Detto questo, prima che il post si trasformi nel copione di un film di Inarritu, ecco il nostro viaggio nel nord dell'Europa, un piede a Copenhagen, uno a Göteborg e uno a Oslo. Il quarto piede lo abbiamo usato per una fermata inaspettata a Malmö e lo useremo per tre giorni di "isolamento", nel vero senso del termine, a Brännö. Ancora mi chiedo se alla fine avrò il coraggio di tornare a casa!

DANIMARCA - COPENHAGEN
Piccola premessa: la prima ragione per cui abbiamo scelto questa tappa si chiama Giulia, è un'amica di Andrea, vive qui da una decina d'anni ed è meravigliosa come i suoi occhi blu.
Abbiamo dormito da lei, poco distanti dal centro e ci siamo affidati alle sue cure per esplorare la città senza affrontarla in modo troppo turistico. Prima tappa: il ritiro delle bici! Io non ci salivo probabilmente dal '92 ma, come promesso al negoziante mentre mi porgeva il casco, non ho ucciso nessuno (tranne il mio perineo).
Grazie alla bici ci siamo sparati settanta chilometri in meno di tre giorni e abbiamo visto un sacco di cose. Per praticità, da questo momento in poi, dividerò il post in giornate, così, chi vuole, può rendersi meglio conto delle tempistiche.

Giorno 1
Subito dopo una sopponta nappoletana-genovese a base di melanzane alla parmigiana e focaccia siamo stati allo Stella Polaris, un festival di musica chill out organizzato nel parco Frederiksberg. Cosa ho trovato lì? Innanzi tutto due bellissimi aironi che "vegliavano" su un tetto all'ingresso. Poi ho trovato educazione, fiori meravigliosi, tantissima gente di tutti i tipi (compreso un tizio buffo con bastone, fez e completo kaki che sembrava uscito da un film di Wes Anderson), una luce incredibile e il silenzio. A un festival musicale -ok che era chill out e non Heavy Metal - ma la sensazione era quella della Silent Disco. Mi è piaciuto tantissimo.
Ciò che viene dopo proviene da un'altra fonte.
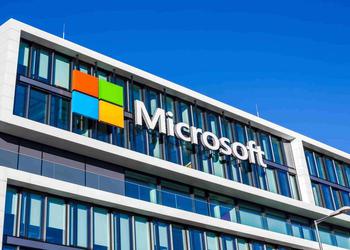 Microsoft інвестує 1,5 мільярда доларів в ...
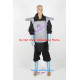 Naruto Mist Anbu ANBU Member cosplay costume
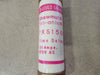 GOULD SHAWMUT 150 Amp Class RK5 Time Delay Fuse TRS150R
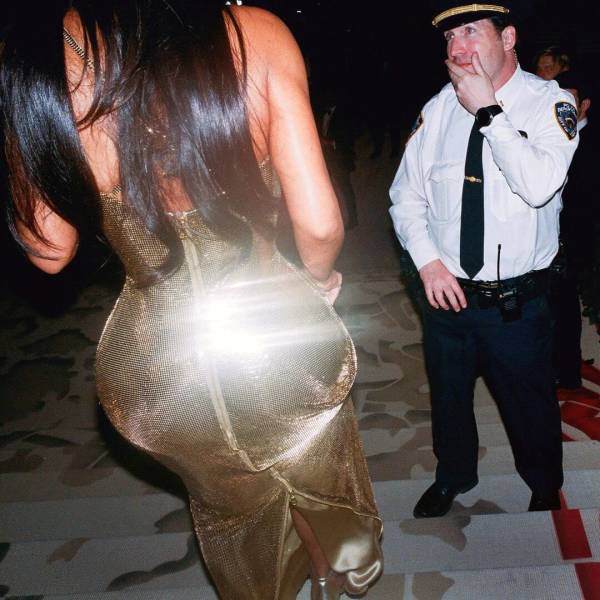 daily picdump 88 pics 27.html - 88 HD Photos | Premium Gallery 2018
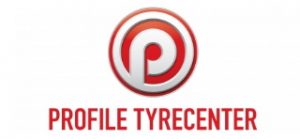 Profile-tyrecenter-300x139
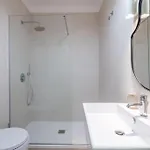 Apartman Loft Mare Seafront Modern Bari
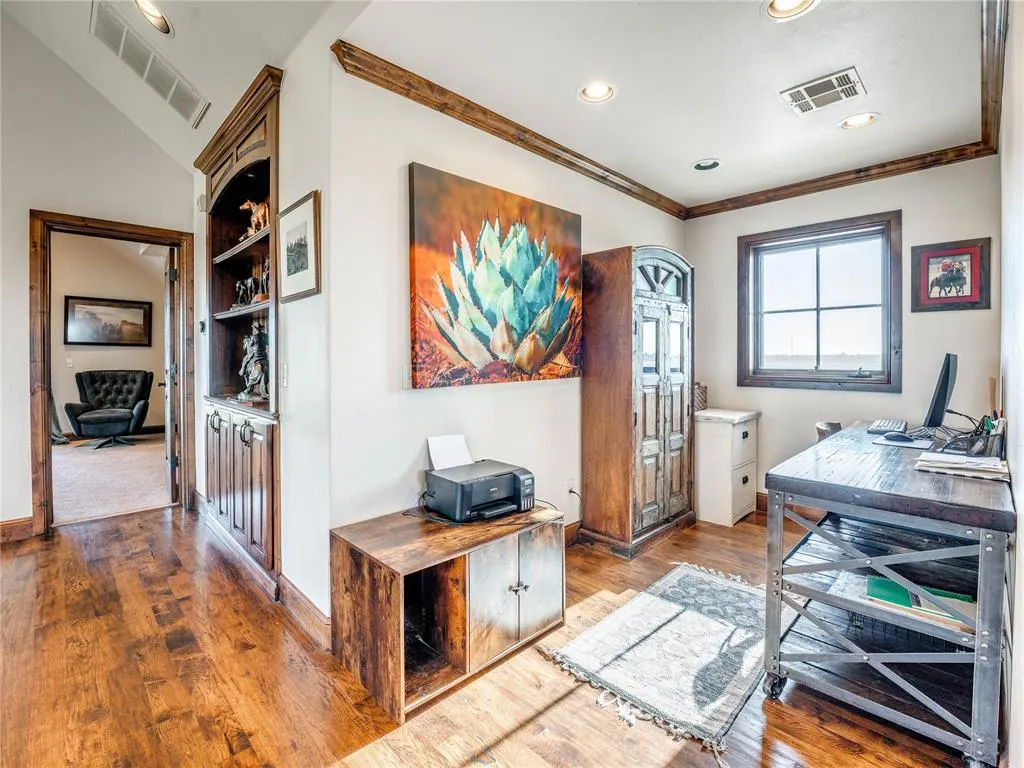 Photo 15 — 16009 N Sara Road, Piedmont, OK 73078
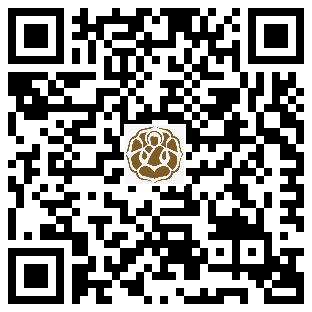 加载中...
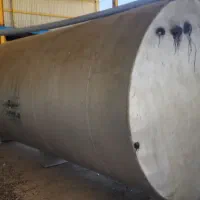 فروش تانکر آب ۳۰۰۰۰هزار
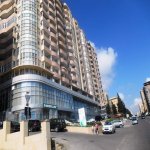 Satılır 3 otaqlı Yeni Tikili, Elmlər akademiyası metrosu, Yasamal rayonu 2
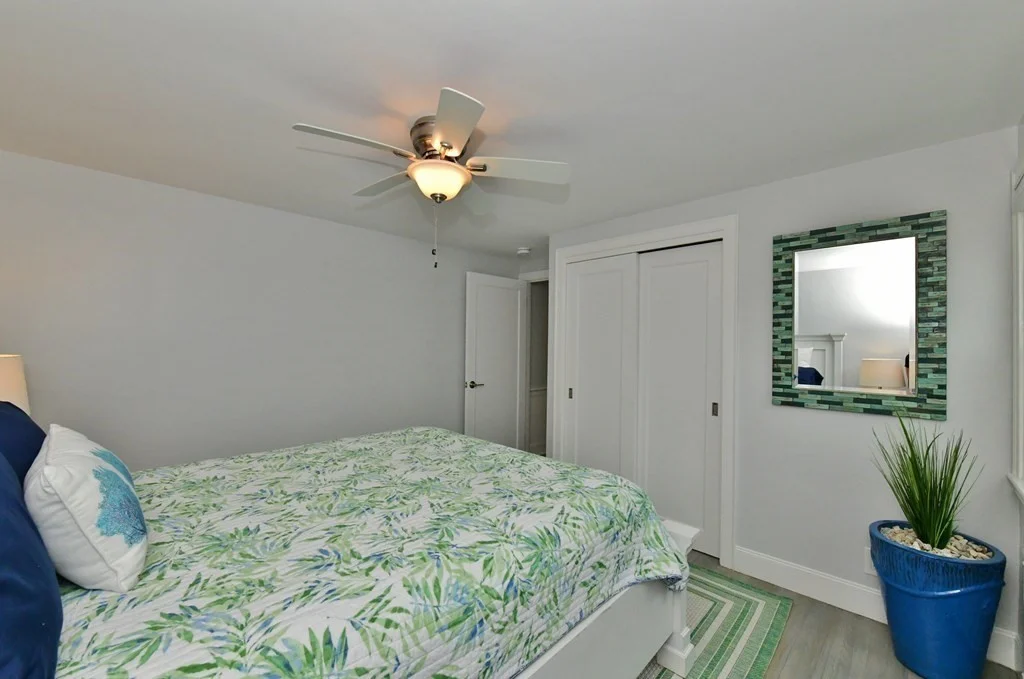1 bed, 1 bath apartment for rent at 37 Pleasant Rd Unit 2, West Harwich — photo 16 of 28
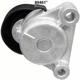 Purchase Top-Quality Belt Tensioner Assembly by DAYCO - 89461 pa4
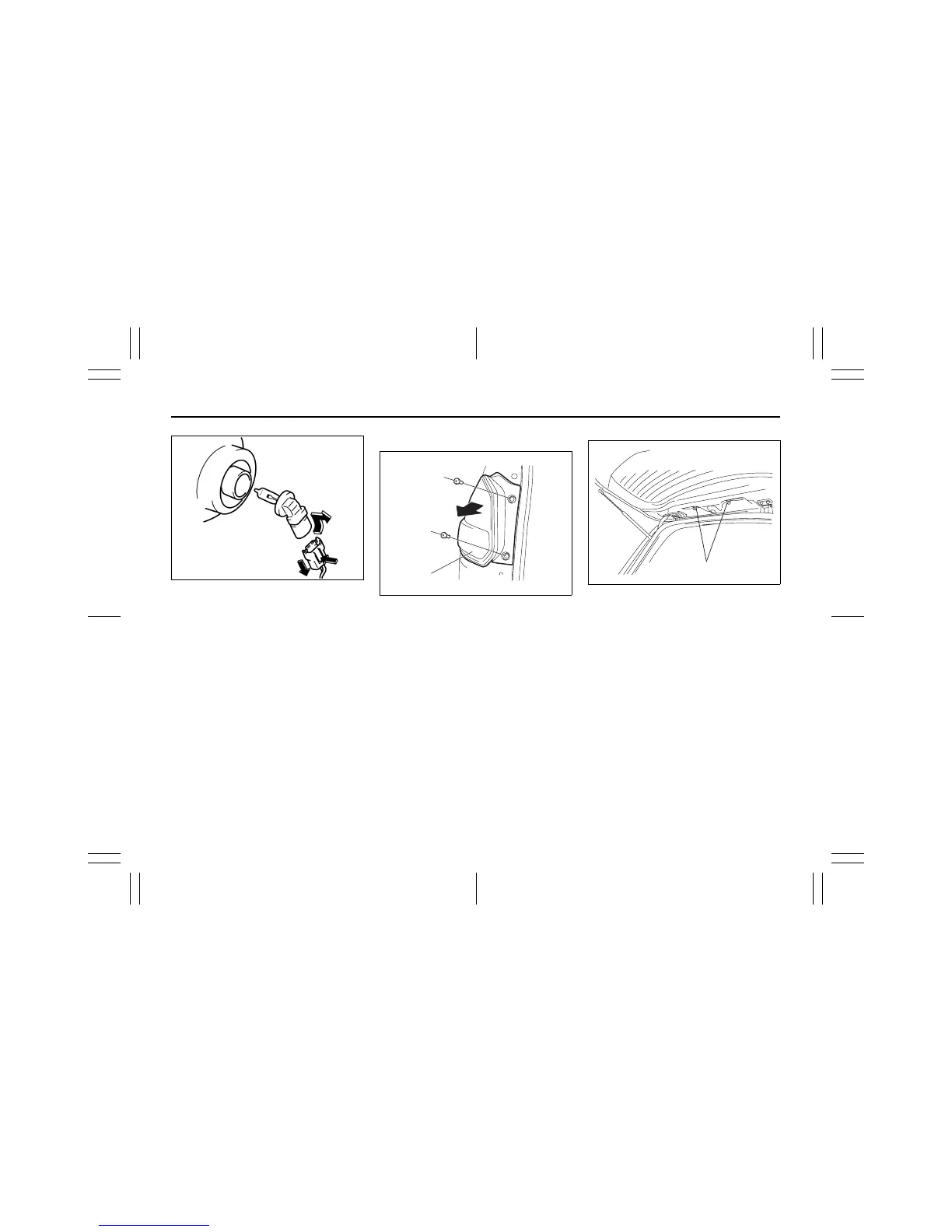 Page #175 background image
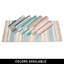 Tapis pour salle de bain Lermitage-1829142391-1790758768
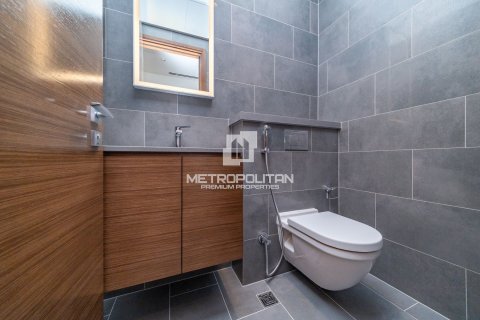 Apartamento en Sobha Hartland, Mohammed Bin Rashid City, Dubai, 1 dormitorio, 64 m², № 73103 - foto 8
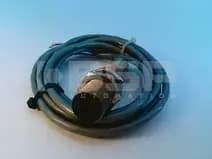 Allen Bradley 871C-A5A18 Allen Bradley 871C-A5A18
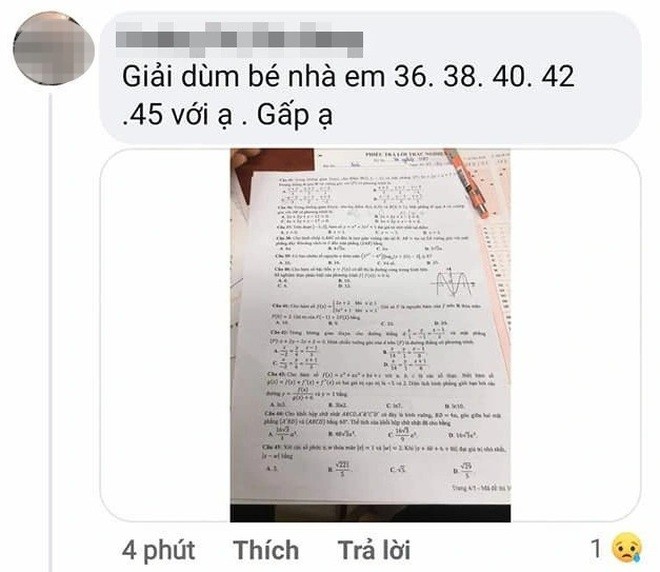 xac-minh-thong-tin-thi-sinh-chup-anh-de-thi-toan-dang-len-mang-1-1625699945651-1625704550.jpeg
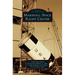 Marshall Space Flight Center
Stella Polarit - Chill Out Festival

Lasciato il parco abbiamo inforcato le bici (del mio mini cancello color anguria vi parlerò poi) e siamo andati a Nyhavn: è superfluo scrivere dei colori e dei riflessi del vecchio porto, vero? Vabbè, ormai l'ho fatto.

Nyhavn

Per cena ci siamo spostati al Reffen, una grande area di street food molto curata e con una varietà di scelta per quanto riguarda i cibi veramente notevole. Io sono andata di Moules Frites, ma avrei potuto prendere thai, greco, pizza, polenta, vegan, grigliata, indiano e molto altro. Cosa mi ha colpito di più a parte l'idea e il bellissimo furgoncino colorato all'ingresso? La pulizia dei bagni, il tramonto pazzesco con lo skyline di Copenhagen sullo sfondo, il pagamento con la carta affinché tutti gli incassi siano tracciabili (questo è un aspetto che abbiamo incontrato in ogni street food dove siamo stati).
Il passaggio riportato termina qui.